A great chance to meet like-minded people and some lovely reptiles, so please show your support by coming along. 

Here are the ground rules of the meet in order for the night to run smoothly.

It will be shown who is bringing what in a list on this thread that we will update as often as we can. It has been decided that this meet will be for *, Python's, Colubrid's and miscellaneous species* as snakes go but of course non-snake species are most welcome. Unfortunately, the venue does not allow mammals (except the human variety of course!)

Anybody wishing to bring a reptile, please PM April Taylor, adam1969 or Multicorn with the details before 10AM on the Friday before the meeting so that we can book you in. *This is terribly important for planning the evening properly.*

*You will not be able to just turn up with your reptile**,* you must have a PM fromApril Taylor, Adam1969 or Multicorn to say you have been booked in. If we cannot get you booked into this meet you will be put at the top of the list for the following month.




Some of you may think that these rules are excessive and we are sorry if you feel that way, but you will not be able to bring reptiles to the meet if you are not prepared to follow these rules which are put in place for the safety of YOUR reptiles!! 

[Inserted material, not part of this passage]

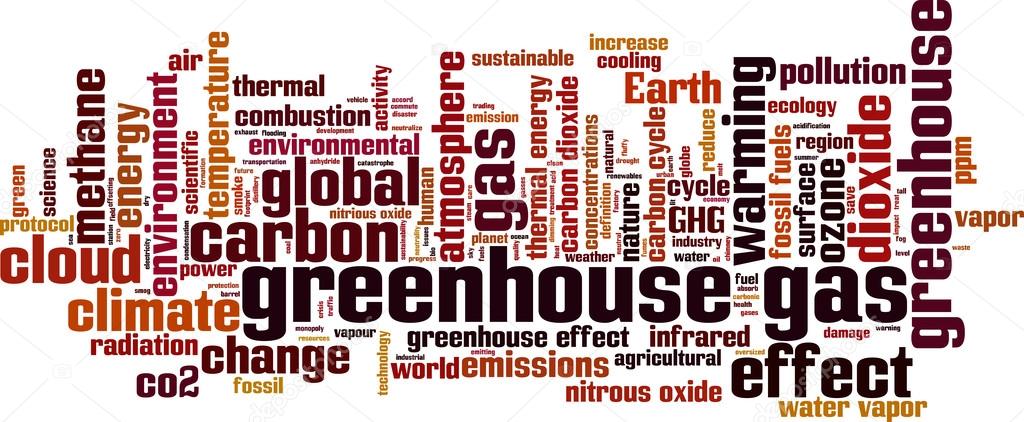 Greenhouse gas word cloud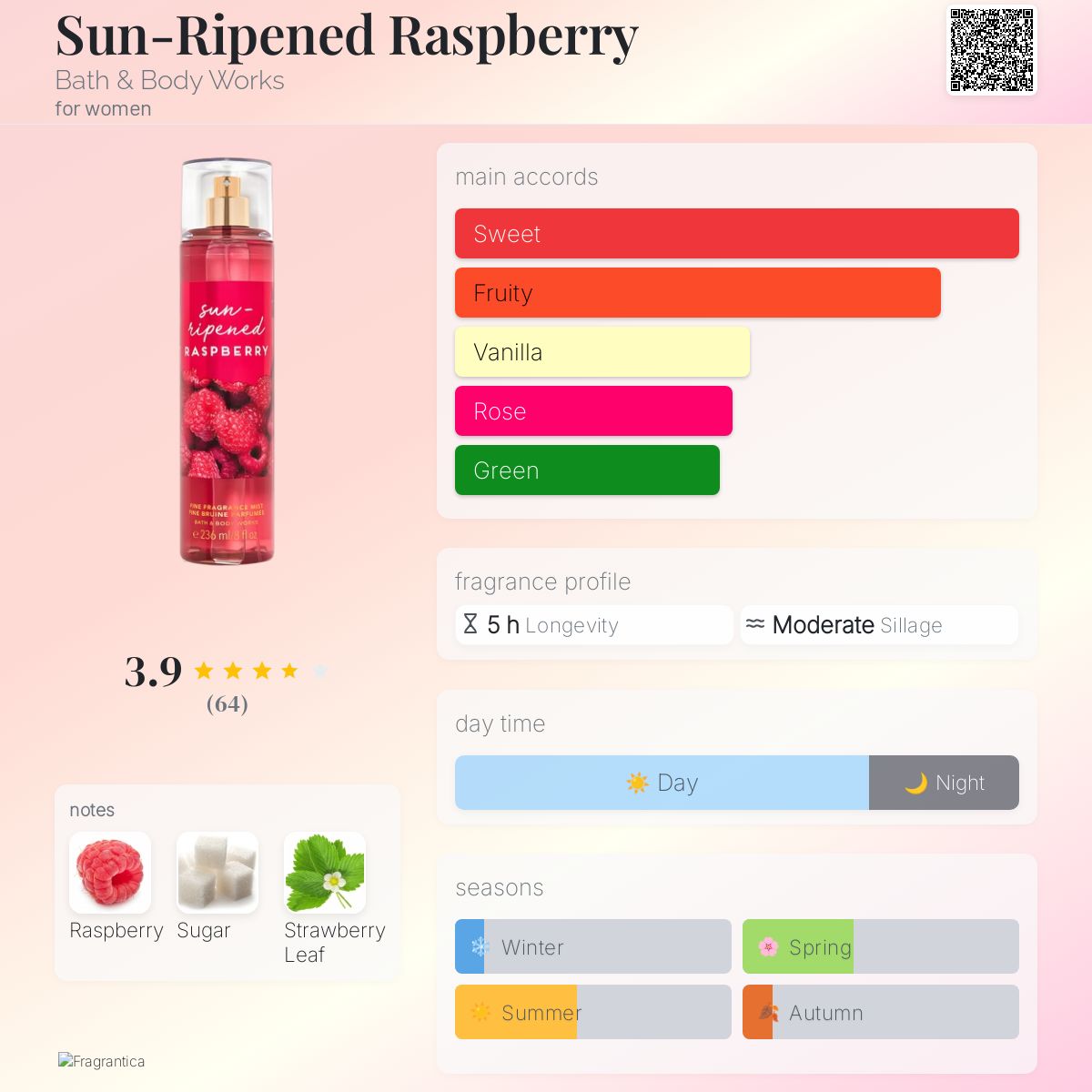 Sun-Ripened Raspberry Bath & Body Works perfume a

*The “Theme” of the night will be announced in advance. If the night features Pythons then Boas will not be allowed, and vice versa.*
*You must have owned the reptile for a minimum of six months to ensure that quarantine has been observed.*
*Reptiles that are ill/have been ill within the last six months will not be welcome.*
*If ANY reptile within your collection has had mites within the last six months, please do not ask to bring ANY of your collection (whether they are known to have had mites or not) to the meeting as they will not be welcome.*
*You are solely responsible for your reptile and all of its needs during the night, so please remember to bring your own secure container, heating equipment, hand gel and anything else you feel you will need.*
*Anybody turning up with an unannounced reptile will be asked to leave. *
*The sale of reptiles is not permitted at the reptile meeting.*
Again we are sorry if you think these rules are harsh but we are thinking purely of the wellbeing of all of our reptiles. 
See you there:2thumb:


----------



## Jeffers3

We should be able to make it and I could bring Bellatrix, my Coastal Carpet Python, as I've had her since January, if you want.


----------



## April Taylor

Booked in so far
Jeff: carpet python
My Adam: MBK
April: royal


----------



## adam1969

Booked in so far:

April Taylor: Royal
Adam Taylor: MBK
Adam1969: ????????
Jeffers3: Carpet python

If you want to bring a reptile please PM either Adam1969, April Taylor or multicorn ASAP to avoid disappointment.:2thumb:


----------



## Ann W

I wont be here as i will be on a sunny beach in Ibiza with my lil girl! :Na_Na_Na_Na:

Have fun all : victory:


----------



## April Taylor

Ann W said:


> I wont be here as i will be on a sunny beach in Ibiza with my lil girl! :Na_Na_Na_Na:
> 
> Have fun all : victory:


You too :2thumb:


----------



## adwraith

yep i should be able to make this one


----------



## Benji-le3

I'll definitely be there, not sure i'm going to bring anything this month though


----------



## Jeffers3

adam1969 said:


> Booked in so far:
> 
> April Taylor: Royal
> Adam Taylor: MBK
> Adam1969: ????????
> Jeffers3: Carpet python
> 
> If you want to bring a reptile please PM either Adam1969, April Taylor or multicorn ASAP to avoid disappointment.:2thumb:


I feel like a Rangers footballer! :lol2:


----------



## adwraith

Benji-le3 said:


> not sure i'm going to bring anything this month though


what?!? i'm pretty sure you've had your ornate for over 6 months now :whistling2: 
didn't you say an AWD was an option one time?or an ackie or mali uro or something....i need something with legs :lol2: no worries if not!


----------



## benlambert

Hi all we will be there again. Look forward to it. We have 3 royals eligible can bring either butter, blackpastel or normal het pied? If any one wants to see any of them?


----------



## April Taylor

Jeffers3 said:


> I feel like a Rangers footballer! :lol2:


Huh??? 



benlambert said:


> Hi all we will be there again. Look forward to it. We have 3 royals eligible can bring either butter, blackpastel or normal het pied? If any one wants to see any of them?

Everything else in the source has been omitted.